[R] regexpr and parsing question

Wed Jan 31 00:21:44 CET 2007

On Tue, 2007-01-30 at 17:23 -0500, Kimpel, Mark William wrote:
> The main problem I am trying to solve it this:
> 
> I am importing a tab delimited file whose first line contains only one
> column, which is a descriptor of the form "col_1 col_2 col_3", i.e. the
> colnames are not tab delineated but are separated by whitespace. I would
> like to parse this first line and make such that it becomes the colnames
> of the rest of the file, which I am reading into R using read.delim().
> The file is so huge that I must do this in R.
> 
> My first question is this: What is the best way to accomplish what I
> want to do?

Mark,

The first thing that comes to mind is a two pass approach on the file:

First pass: (using example file with your first line)

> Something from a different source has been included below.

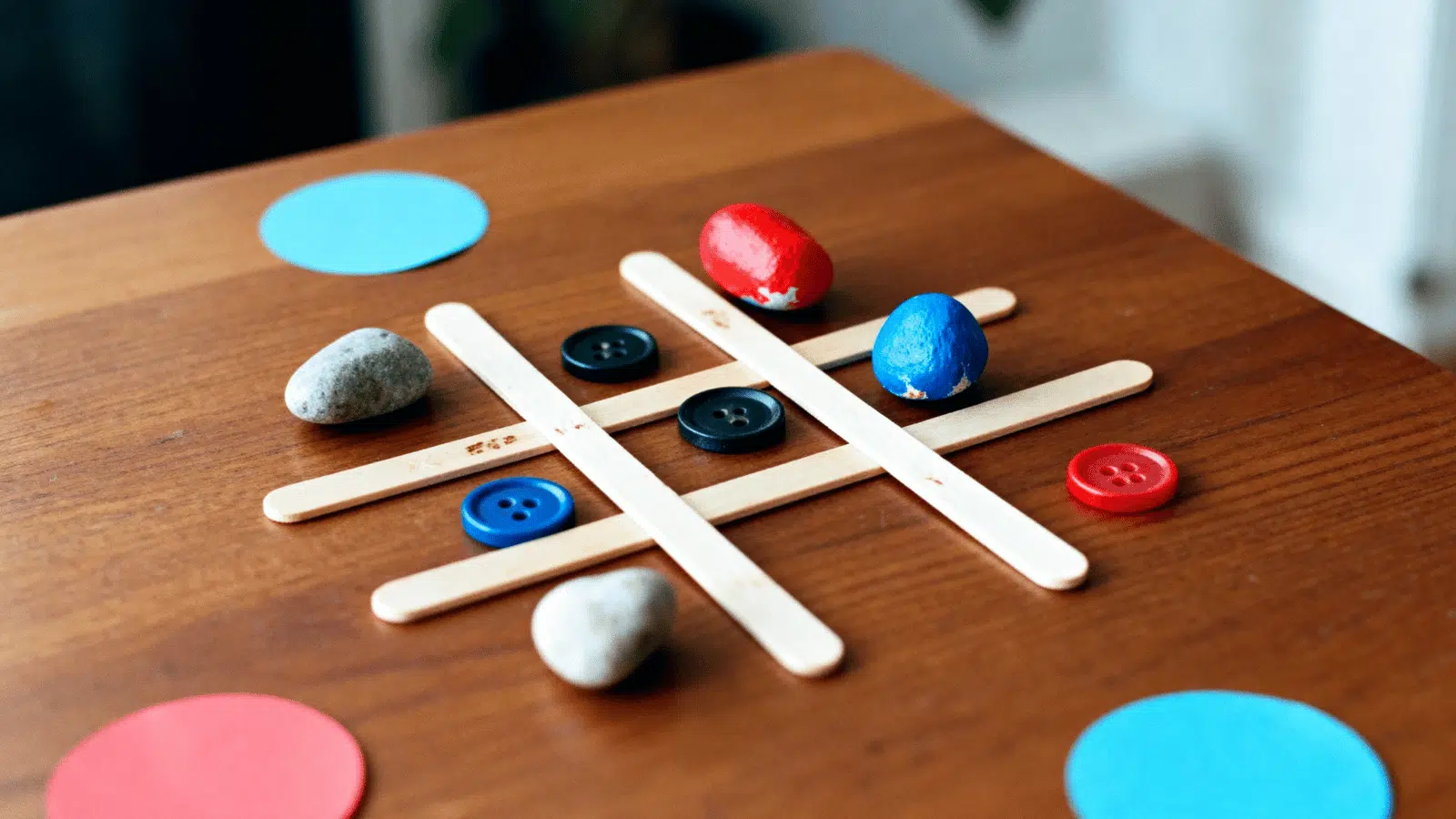 handmade popsicle stick tic-tac-toe game with colorful pieces arranged on a table.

# Get the first line into a vector to set the colnames for the DF
# during the second pass
ColNames <- unlist(read.table("test.txt", nrow = 1, as.is = TRUE))

> str(ColNames)
 Named chr [1:3] "col_1" "col_2" "col_3"
 - attr(*, "names")= chr [1:3] "V1" "V2" "V3"

Second pass:

# Now read the rest of the file, skipping the first line
DF <- read.delim("test.txt", skip = 1, col.names = ColNames)

I believe that should get you the full data set and set the colnames
based upon the first line. This should pretty much obviate the need for
everything below here.

> My other questions revolve around some failed attempts on my part to
> solve the problem on my own using regular expressions. I thought that
> perhaps I could change the first line to "c("col_1", "col_2", "col_3")
> using gsub. I was having trouble figuring out how R uses the backslash
> character because I know that sometimes the backslash one would use in
> Perl needs to be a double backslash in R.

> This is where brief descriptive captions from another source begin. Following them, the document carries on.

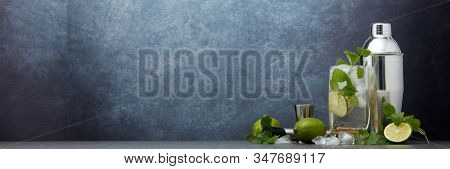 Set of bar tools: cocktail shaker, muddler, jigger, cocktail with ice in highball glass,  lime and mint on dark gray background with copy space. Bartender's tool. Mojito cocktail making.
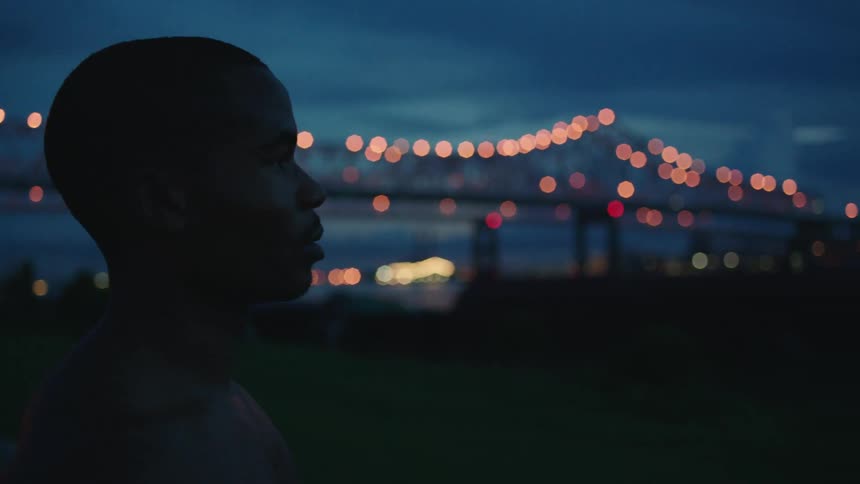 A man stands in front of a city bridge at night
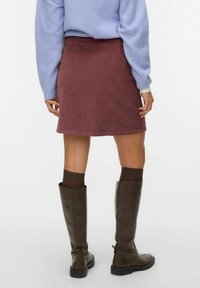 Bordeauxkleurige corduroy rok met een rechte snit, gecombineerd met kniehoge bruine leren laarzen en donkere bruine sokken. Lichtblauwe trui zichtbaar boven.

You would not want to change the first line as you have it above, as it
would not be parsed properly using read.table() family functions.

> Here is a sample of what I tried and what I got:
> 
> a<-"col_1 col_2 col_3"
> 
> > gsub("\\s", " " , a) 
> 
> [1] "col_1 col_2 col_3"
> 
> > gsub("\\s", "\\s" , a) 
> 
> [1] "col_1scol_2scol_3"
> 
> As you can see, it looks like R is taking a regular expression for
> "pattern", but not taking it for "replacement". Why is this?

There are various settings for how regex are interpreted by/within R.
See ?grep and note the various arguments to the functions there and how
they impact R's behavior here.

Also, note that there is a difference (to further complicate your
life...) between the characters that R displays by default using print()
and how they are displayed using cat(). See below.

> a
[1] "col_1 col_2 col_3"

> gsub(" ", ", " , a)
[1] "col_1, col_2, col_3"

or to get you to your vector statement above:

Note the result here:

> paste("c(\"", gsub(" ", "\", \"" , a), "\")", sep = "")
[1] "c(\"col_1\", \"col_2\", \"col_3\")"

Now see how it displays when the escaped double quote chars are
interpreted properly using cat():

> cat(paste("c(\"", gsub(" ", "\", \"" , a), "\")", sep = ""), "\n")
c("col_1", "col_2", "col_3") 

> Assuming that I did want to solve my original problem with gsub and then
> turn the string into an R object, how would I get gsub to return
> "c("col_1", "col_2", "col_3") using my original string?

Again, note the two pass solution above.  It's easier, unless you would
want to consider using awk/sed from a CLI, which I generally avoid at
all costs...

> Finally, is there a way to declare a string as a regular expression so
> that R sees it the same way other languages, such as Perl do, i.e. make
> the backslash be interpreted the same way? For someone who is just
> learning regular expressions as I am, it is very frustrating to read
> about them in references and then have to translate what I've learned
> into R syntax. I was thinking that instead of enclosing the string in
> "", one could use THIS.IS.A.REGULAR.EXPRESSION(), similar to the way we
> use I() in formulae.

Part of the challenge is noting the different behaviors of regex within
R and how that behavior is affected by the aforementioned arguments.
Also, noting how the output is displayed within R relative to the
interpretation of escaped characters as is seen above.

> These are a bunch of questions, but obviously I have a lot to learn!
> 
> Thanks,
> 
> Mark

HTH,

Marc Schwartz